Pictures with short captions
● ● ● ●
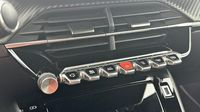 Peugeot 2008 1.2 PureTech 130ch S&S GT — photo 15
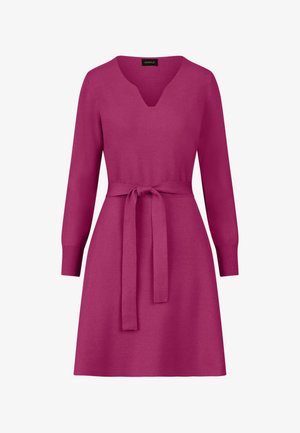Fuchsia Strickkleid mit V-Ausschnitt, langen Ärmeln und einem passenden Stoffgürtel in der Taille. Glatte Textur und strukturierte Silhouette.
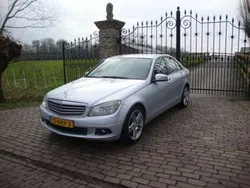 Grijs, metallic lak Gebruikt 2009 Mercedes 200 Sedan | € 5.250 (Eerlijke prijs)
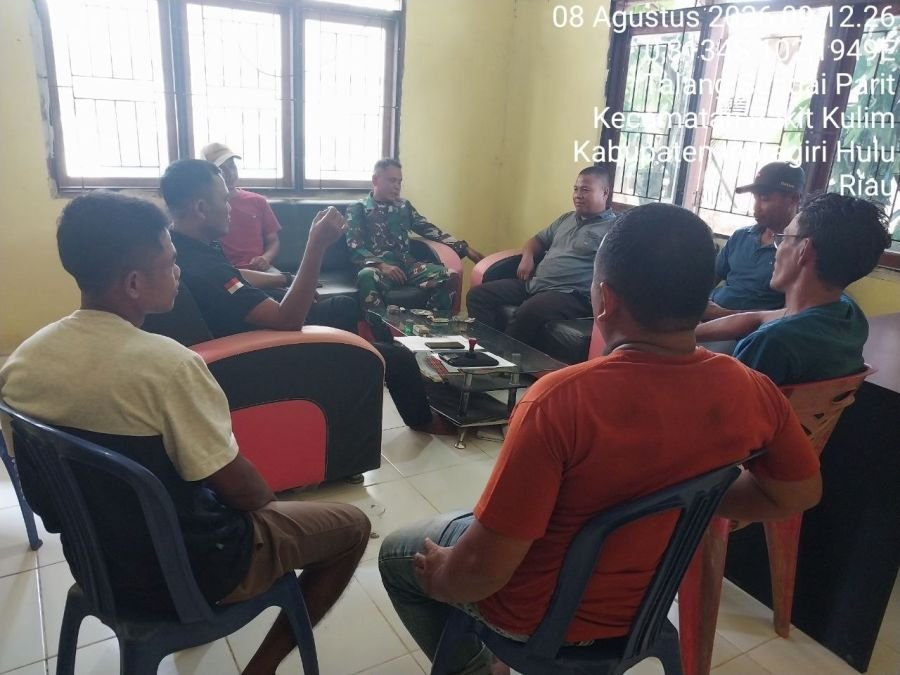Babinsa Koramil 04/Pasir Penyu Himbau Masyarakat Cegah Karhutla: Jangan Buka Lahan dengan Cara Dibak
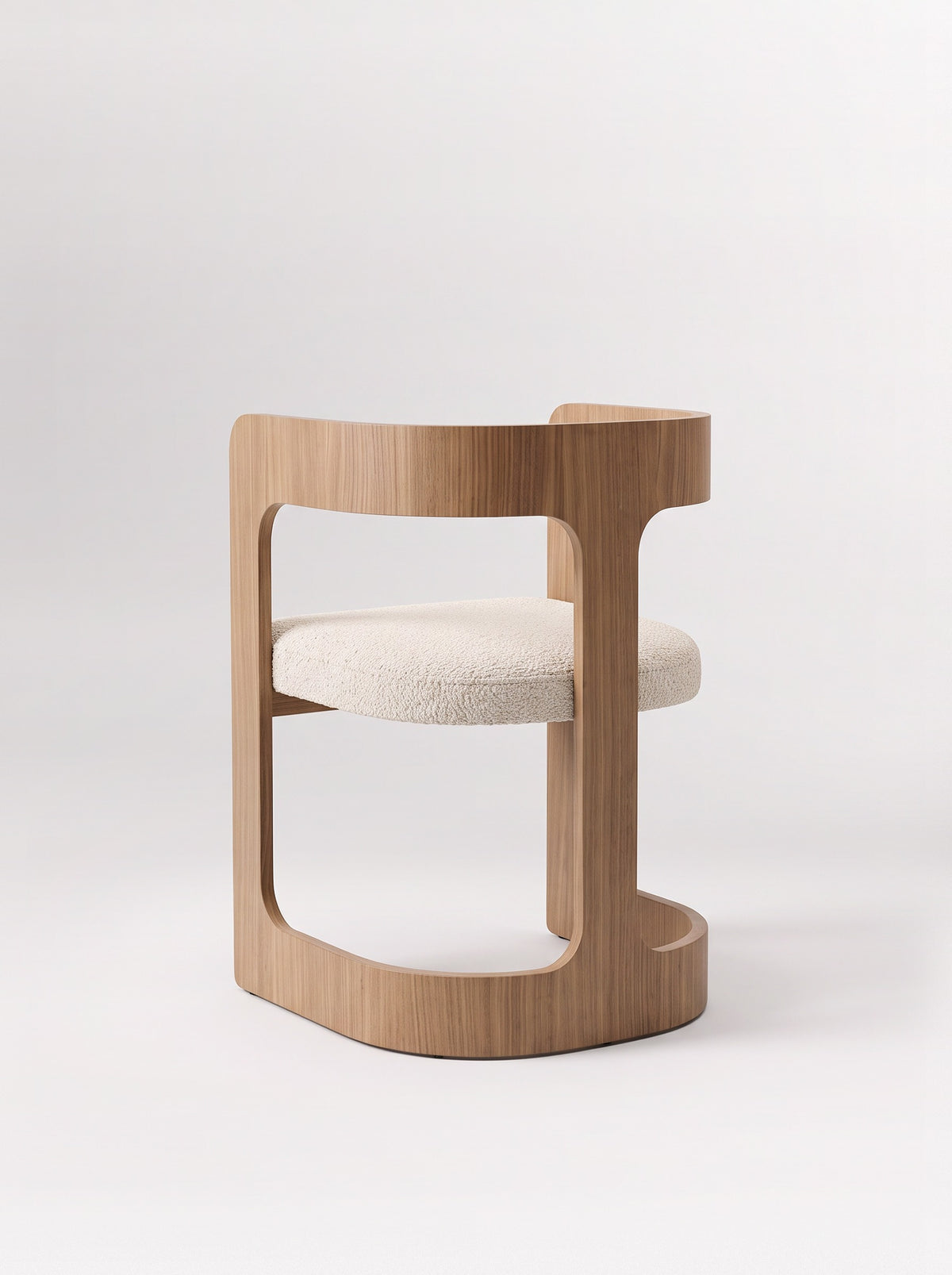 Japandi-Esszimmerstuhl in Nussbaumfarbe mit Bouclé, Rückansicht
● ● ● ●
Repeat every entry above exactly as written and omit any pictures it holds.

◆ Your solution:
 Peugeot 2008 1.2 PureTech 130ch S&S GT — photo 15
Fuchsia Strickkleid mit V-Ausschnitt, langen Ärmeln und einem passenden Stoffgürtel in der Taille. Glatte Textur und strukturierte Silhouette.
 Grijs, metallic lak Gebruikt 2009 Mercedes 200 Sedan | € 5.250 (Eerlijke prijs)
Babinsa Koramil 04/Pasir Penyu Himbau Masyarakat Cegah Karhutla: Jangan Buka Lahan dengan Cara Dibak
 Japandi-Esszimmerstuhl in Nussbaumfarbe mit Bouclé, Rückansicht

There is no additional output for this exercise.